5. A taxa de variação homóloga do IPC core (que exclui a energia e os bens alimentares não transformados) foi de 1.9%, revelando uma desaceleração de 0.3 p.p. face ao registo de fevereiro, inferior à verificada no IPC geral (-0.5 p.p.), mas mantendo-se num nível bastante inferior à do IPC geral. O diferencial entre a taxa de variação homóloga deste indicador e a do IPC permaneceu negativo pelo 28º mês consecutivo, continuando a evidenciar que as pressões inflacionistas advêm, essencialmente, dos preços da energia. Todavia, a inflação core também não está imune às alterações fiscais que têm vindo a ser efetuadas desde meados de 2010, embora a subida de outubro do IVA na eletricidade e no gás natural não tivesse afetado esta classe.

 

6. O índice harmonizado de preços no consumidor (IHPC) registou igualmente um acréscimo mensal de 1.2%, tendo a sua variação homóloga também desacelerado, de 3.6% para 3.1%, permanecendo ao mesmo nível do IPC. O IHPC português apresenta um crescimento homólogo acima do estimado pelo Eurostat para a Zona Euro (+2.6%), o que acontece desde agosto de 2007, tendo-se assistido a uma diminuição dessa diferença, de 0.9 p.p. para 0.5 p.p..
  
7. Em termos prospetivos, continuamos a considerar que as atuais pressões inflacionistas assumem um caráter largamente temporário, mas que deverão permanecer elevadas no corrente ano.
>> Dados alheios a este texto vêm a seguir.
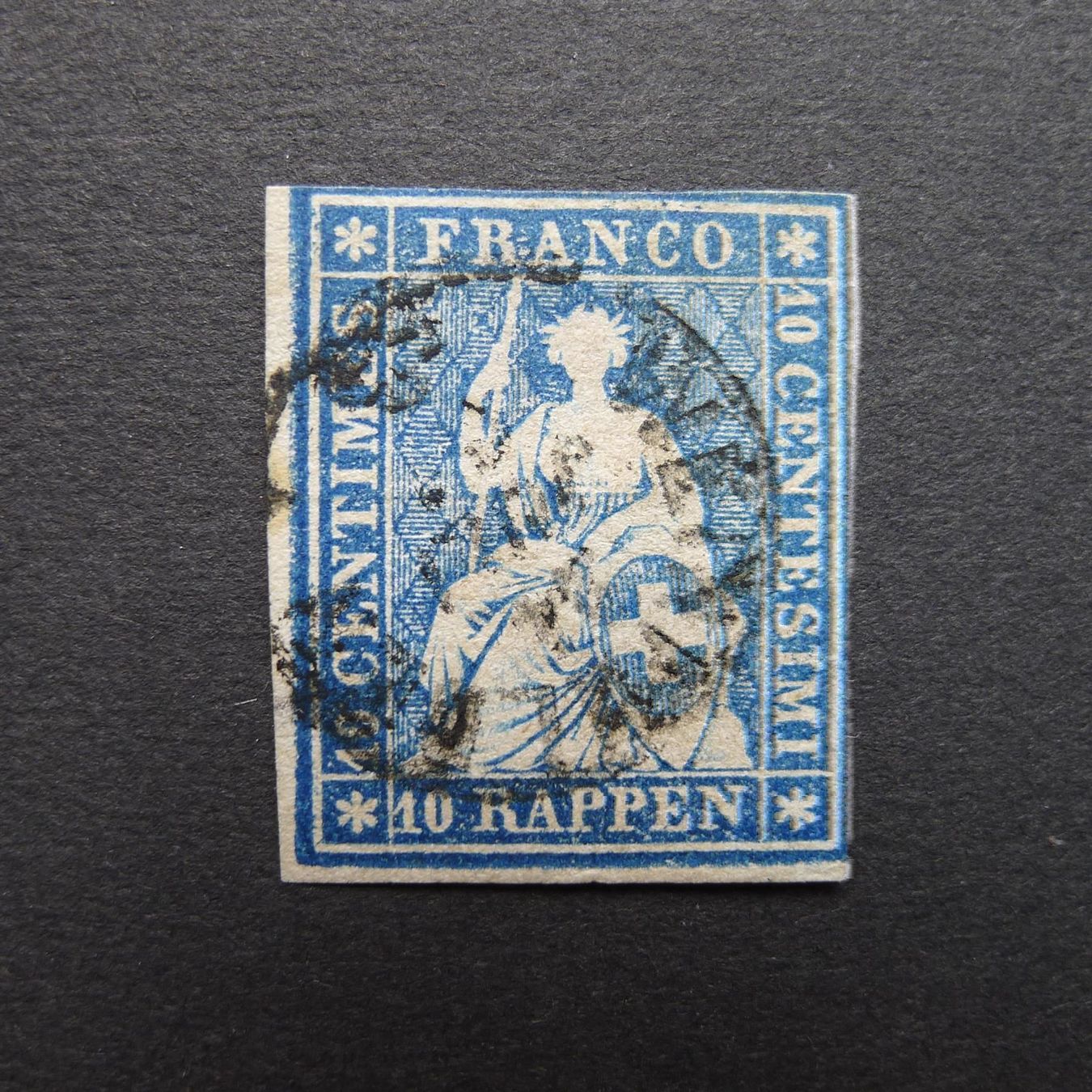 Tutti i francobolli: 1857 Strubel Nr. 23B4 Eckrand Stück – Usato da Dagmersellen venduto da wyss1982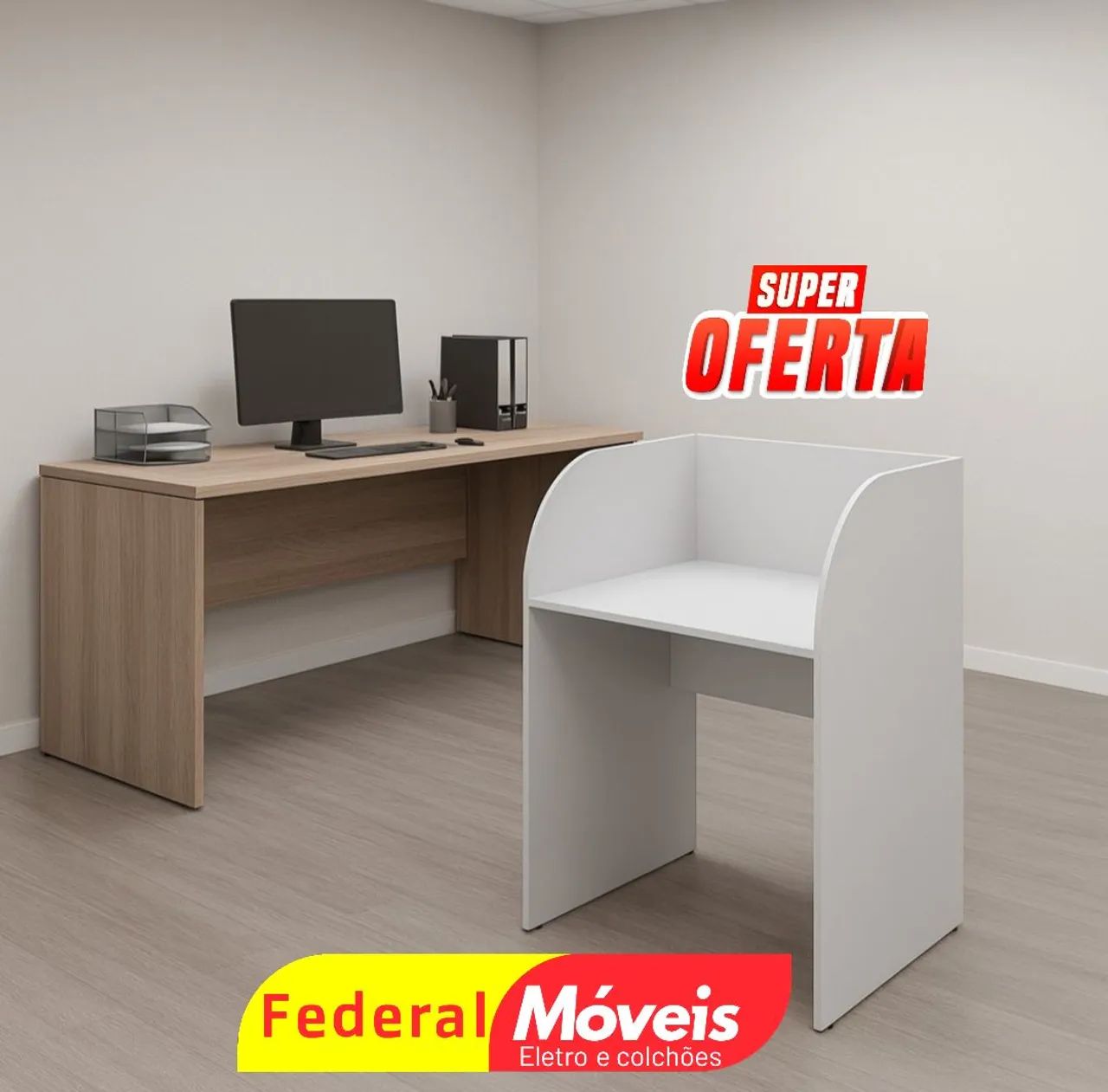Escrivaninha de Atendimento Baía 1,16x0,83 - Design moderno!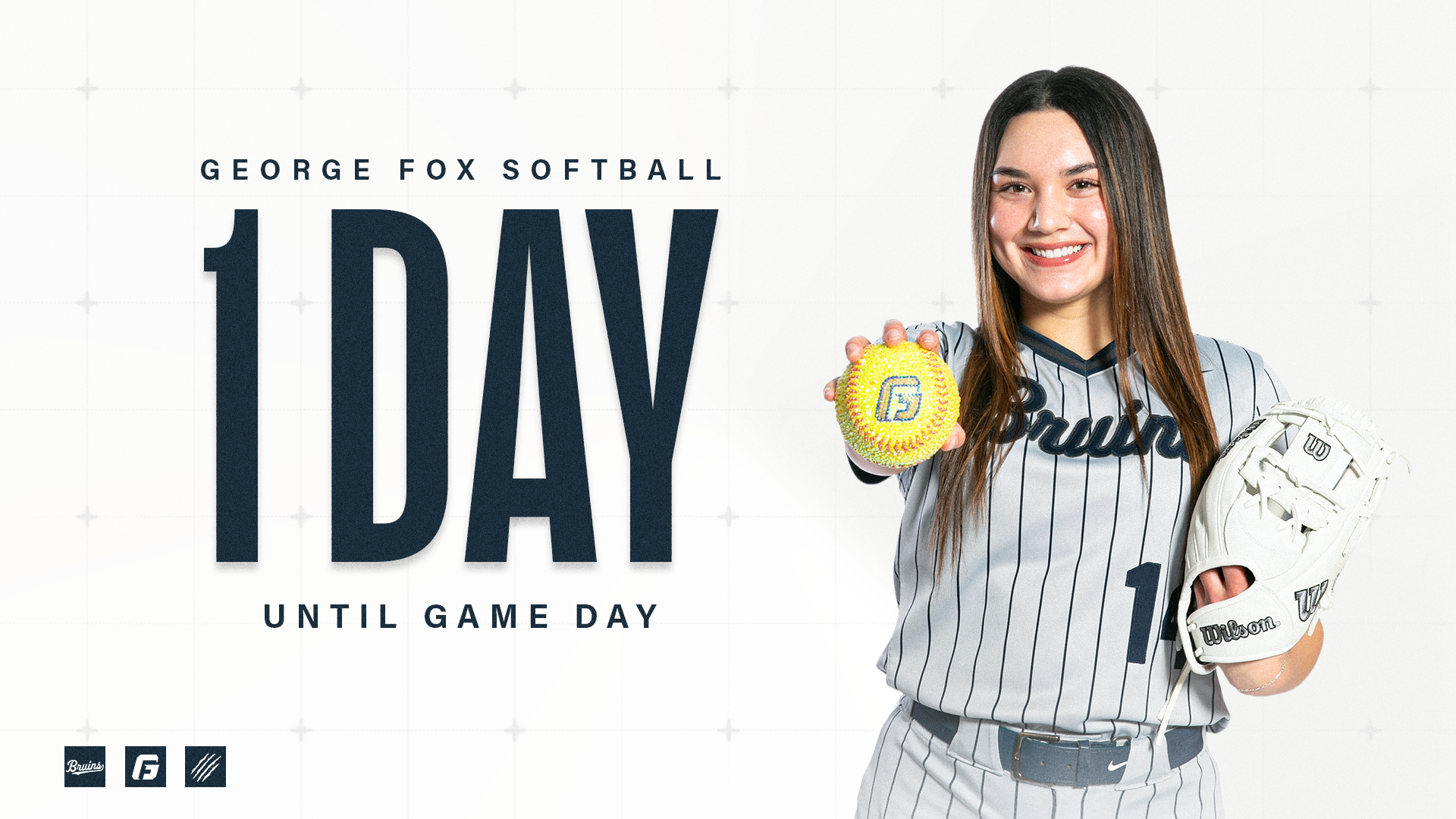 GFU Softball graphic saying one day until gameday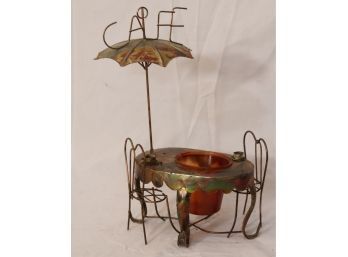 Vintage Metal Cafe Music Box Toothpick Holder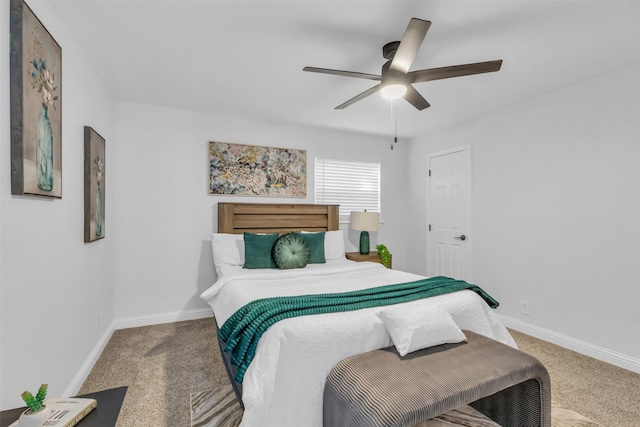 bedroom featuring carpet and ceiling fan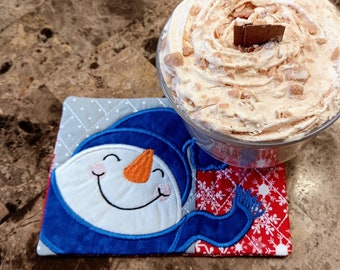 Cheerful Snowman Mug Rug - Ideal Gift for Coffee and Tea Lovers - Fabric Rectangle Coaster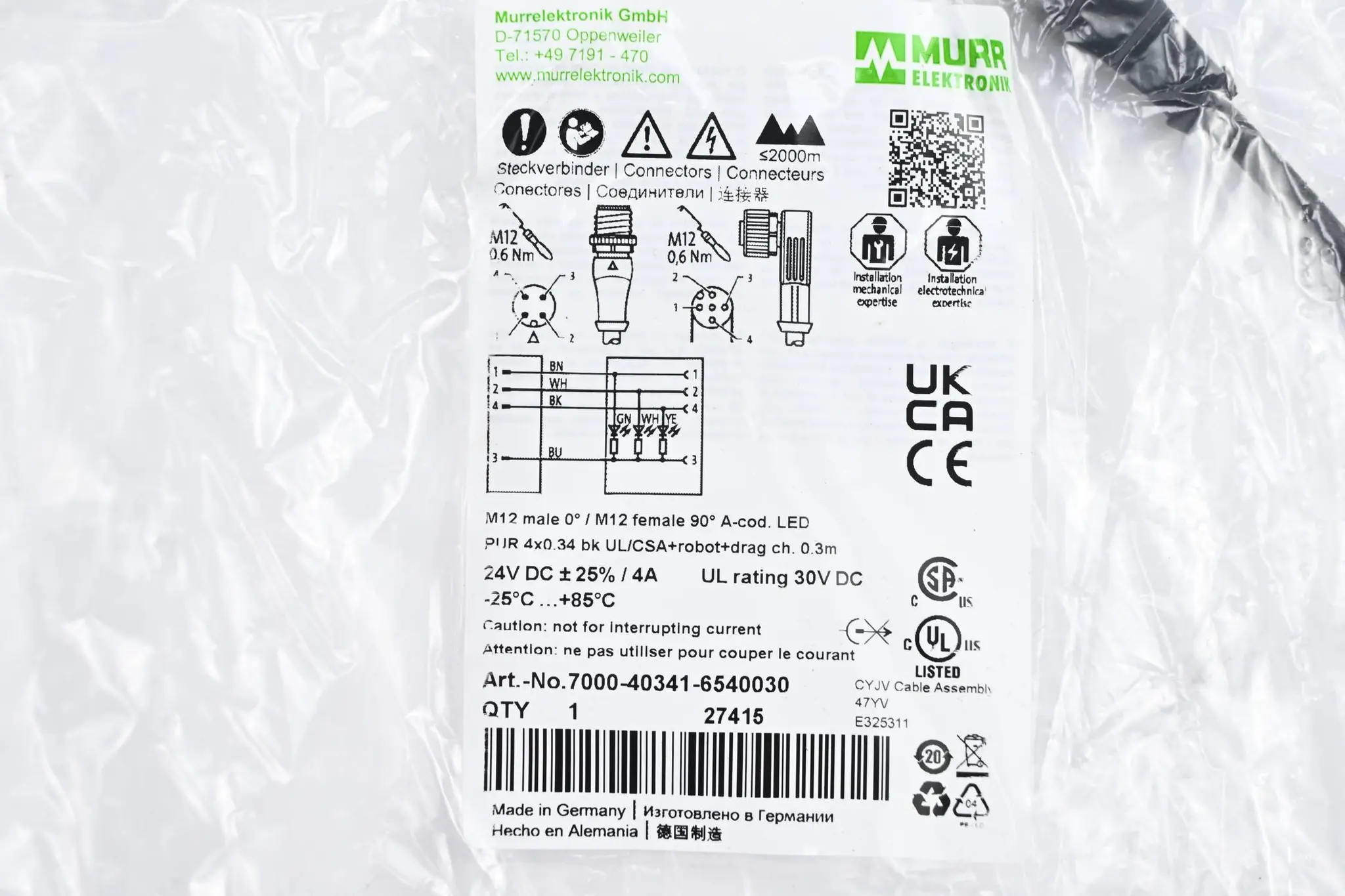 Produktfoto 1 von Murr Elektronik Verbindungskabel 7000-40341-6540030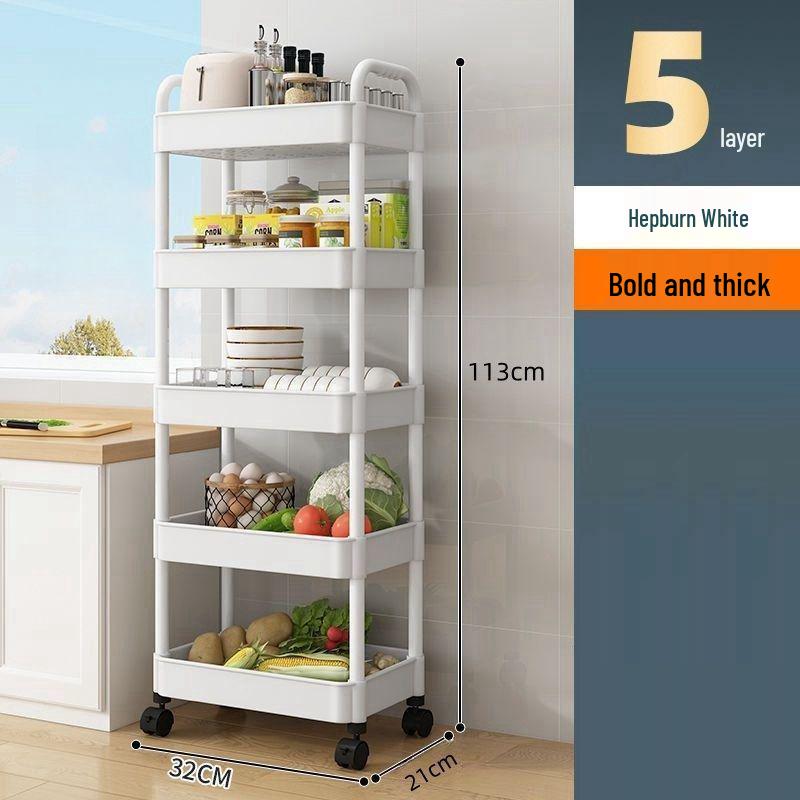 Large Capacity Multi-Layer Snack and Storage Trolley - Movable, Cream Style, Ideal for Dormitory or Bedside Use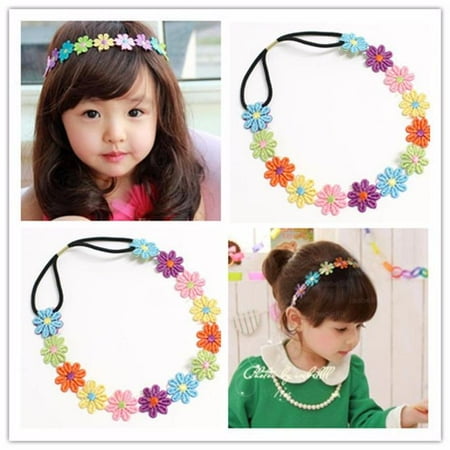 Bare Feet Embroidered Headband - Baby Girl Kids Embroidered Flowers Headband Hair Accessories Headwear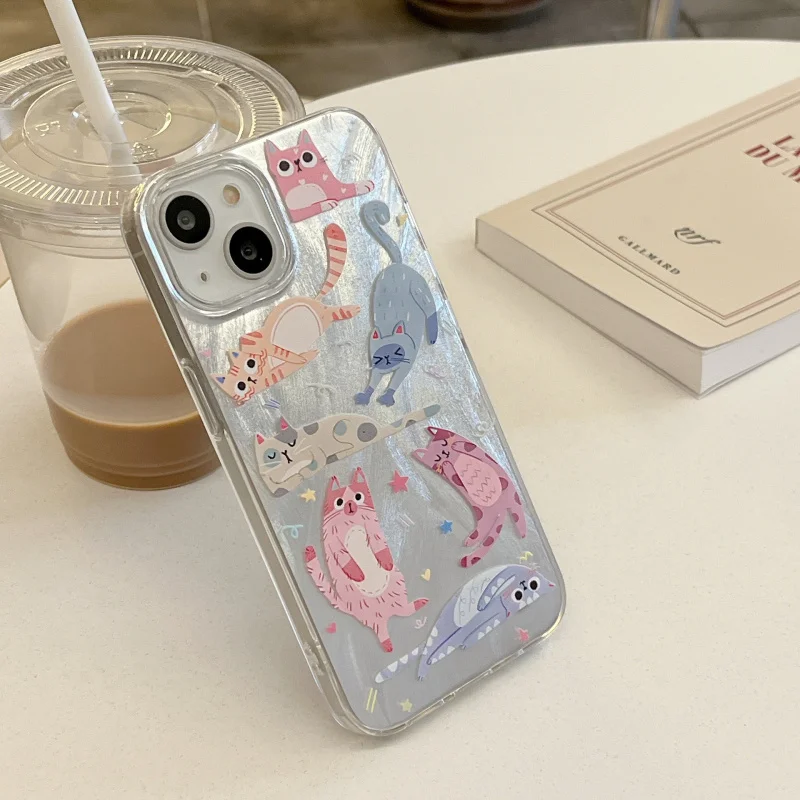 Kitten Graphic Feather Texture Phone Case - Stylish and Protective Back Cover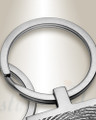 Brushed Rectangle Stainless Steel Fingerprint Keychain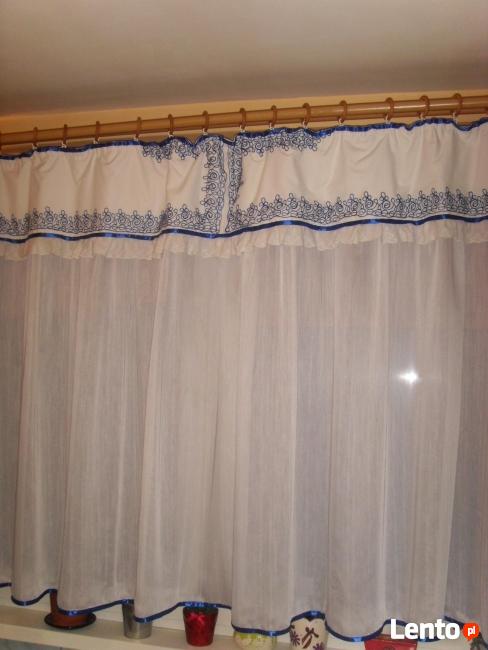 FIRANKA Z FALBANĄ, ORYGINALNA, HAFT, WYSTRÓJ OKNA =WROCŁAW=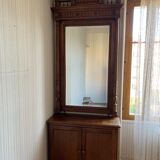 Mirror and low walnut cabinet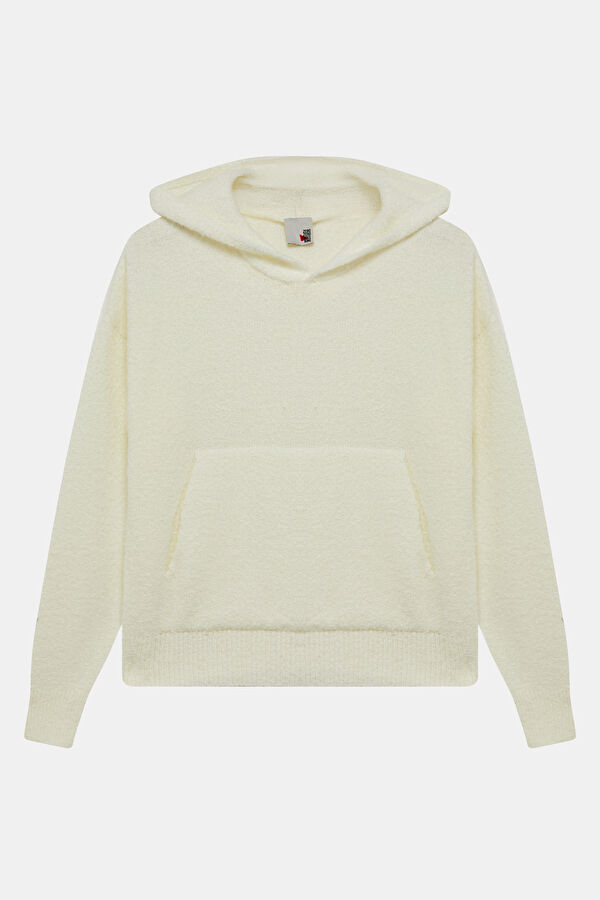 Ekru Kapuşonlu Kadın Sweatshirt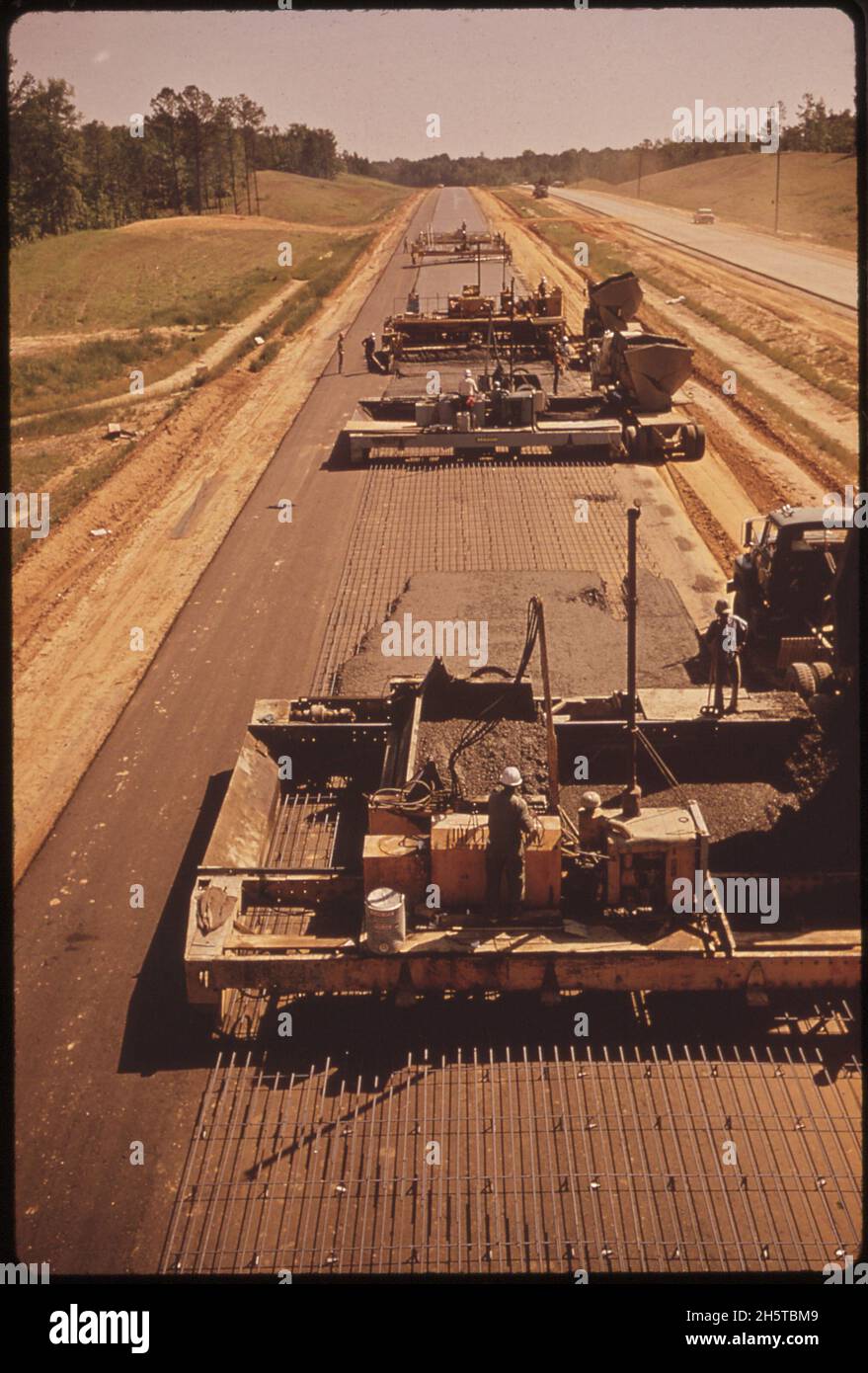 Steel rods made from shredded autos are being used for reinforcement during the construction of this section of I-55, North of Durant, MS. 5/1972. Stock Photo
Com efeito, a inflação no país (medida pela variação homóloga do IPCH) deverá manter-se em níveis elevados em 2012 (+3.2%, de acordo com as nossas perspetivas), apenas ligeiramente inferiores aos 3.6% observados no ano passado, devendo então posteriormente regressar para níveis mais modestos em 2013, para valores em torno de 1.3%.

8. Refira-se que a evolução das principais determinantes dos preços no consumidor, num contexto de crescimentos moderados dos custos salariais (condicionados pelos elevados níveis de desemprego), implicaria uma evolução mais moderada da inflação em 2012. Contudo, a evolução dos preços ver-se-á bastante condicionada por medidas de política orçamental, que determinarão um contributo muito significativo para a inflação no corrente ano, em particular a já referida reclassificação das taxa de IVA aplicadas a alguns bens e serviços, bem como pelo aumento de preços administrados e de alguns impostos específicos sobre o consumo. Já a contração da atividade económica no país (apontamos para uma queda anual de 3.2% do PIB em 2012), assim como o abrandamento da economia mundial, traduzir-se-ão numa evolução globalmente favorável dos custos de produção, que, conjugada com a dissipação dos efeitos das medidas orçamentais, justificam a forte diminuição da inflação prevista para o próximo ano.